Platform links are permanent once a full game is registered. Licenses don't transfer between accounts. Characters don't transfer between accounts. AND deleting an account frees up nothing. The PSN link stays connected. Somehow, deleting the account is worse than doing nothing.
Oh, and the verification thing? I learned that support matches your ID against the name they have on file, and ours will never match (see: streamer privacy, long story). We learned this lesson multiple times. Each time felt very fresh. Hmmm, I wonder why?
Oh, right! We're a system, and over the past year different parts each kept discovering "the account problem," going "I can fix this," and opening a new support ticket. Same questions. Same polite no. Multiple times. Nobody noticed this earlier because nobody "remembered" sending them. At this point I'm sure that their support team probably has a canned response saved for us. A copypasta for cowbo.
Now, you would think that we found out the pattern and were like "oh, we should stop reaching out to support since we already know the answer". YOU WOULD THINK, RIGHT!? Well, at the time we didnt think, and after a few months of grinding on the replacement account, a part (who probably and reasonably assumed the new account was just a temporary thing for playing with friends) looked at the locked main and went "I can fix this" and opened yet another ticket. And somehow that one worked. Email updated, security questions re-sent, main account recovered, authenticator slapped on it right away so this never happens again. So the duplicate-ticket habit didn't work nine times out of ten, and the tenth time is the whole reason we have our main back. We are not recommending this as a strategy. But we're also not not taking credit for it.

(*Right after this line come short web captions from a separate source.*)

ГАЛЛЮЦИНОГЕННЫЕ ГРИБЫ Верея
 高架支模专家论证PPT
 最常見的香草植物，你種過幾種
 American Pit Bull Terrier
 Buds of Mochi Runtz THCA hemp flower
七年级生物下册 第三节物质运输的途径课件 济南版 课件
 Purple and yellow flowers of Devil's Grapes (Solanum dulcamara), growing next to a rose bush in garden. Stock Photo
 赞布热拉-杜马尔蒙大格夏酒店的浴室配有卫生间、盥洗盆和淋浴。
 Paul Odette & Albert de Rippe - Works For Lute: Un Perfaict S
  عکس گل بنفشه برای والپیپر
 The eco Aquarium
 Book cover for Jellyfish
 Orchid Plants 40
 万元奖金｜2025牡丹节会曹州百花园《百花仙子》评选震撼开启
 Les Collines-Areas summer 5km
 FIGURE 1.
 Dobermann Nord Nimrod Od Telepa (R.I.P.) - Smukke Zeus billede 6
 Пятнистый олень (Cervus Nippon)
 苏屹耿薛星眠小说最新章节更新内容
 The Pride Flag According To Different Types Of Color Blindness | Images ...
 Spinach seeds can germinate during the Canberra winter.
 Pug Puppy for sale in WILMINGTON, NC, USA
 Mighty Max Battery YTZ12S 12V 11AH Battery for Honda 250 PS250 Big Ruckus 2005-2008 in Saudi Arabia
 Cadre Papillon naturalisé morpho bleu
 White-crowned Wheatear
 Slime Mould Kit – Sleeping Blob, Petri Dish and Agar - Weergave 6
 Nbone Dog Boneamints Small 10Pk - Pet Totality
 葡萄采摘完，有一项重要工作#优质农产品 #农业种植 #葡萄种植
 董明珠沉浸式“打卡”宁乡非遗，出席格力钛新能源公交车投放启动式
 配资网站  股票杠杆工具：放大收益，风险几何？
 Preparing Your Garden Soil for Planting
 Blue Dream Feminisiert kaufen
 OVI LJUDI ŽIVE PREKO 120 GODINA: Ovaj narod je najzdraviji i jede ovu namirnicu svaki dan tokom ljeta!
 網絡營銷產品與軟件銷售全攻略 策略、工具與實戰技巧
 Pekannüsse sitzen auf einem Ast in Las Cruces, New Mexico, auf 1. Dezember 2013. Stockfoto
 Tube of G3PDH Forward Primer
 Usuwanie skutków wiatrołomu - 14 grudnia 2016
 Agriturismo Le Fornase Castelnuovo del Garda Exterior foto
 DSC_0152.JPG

So this week we finally 'thunk' and did a responsible thing. We wrote it up as an official wiki to put in our at home documentation. The page pretty much says, DO NOT EMAIL THE CRITICALLY ACCLAIMED SUPPORT TEAM. THE ANSWER IS STILL NO. They are free now. Go in peace, Mimi, Carlos, Joe, and friends. You did your best.
The one thing we have yet to address: we're trying to recover The Ancient One. Not to merge it cuz that's not possible, (see above) but because founding a Free Company needs three members, and we'd rather staff it entirely with our own accounts than invite a rando just to kick them afterward. If that works out, the FC's lore will be "founded by one person and their two ghost accounts," which tbh, sounds on brand.
Anyway. make sure your account details are somewhere safe, put an authenticator on everything, and to whichever of our parts made The Ancient One back in the day: if you're reading this, please share the details with the rest of the class. We have a Free Company to found (be found? you know what I mean).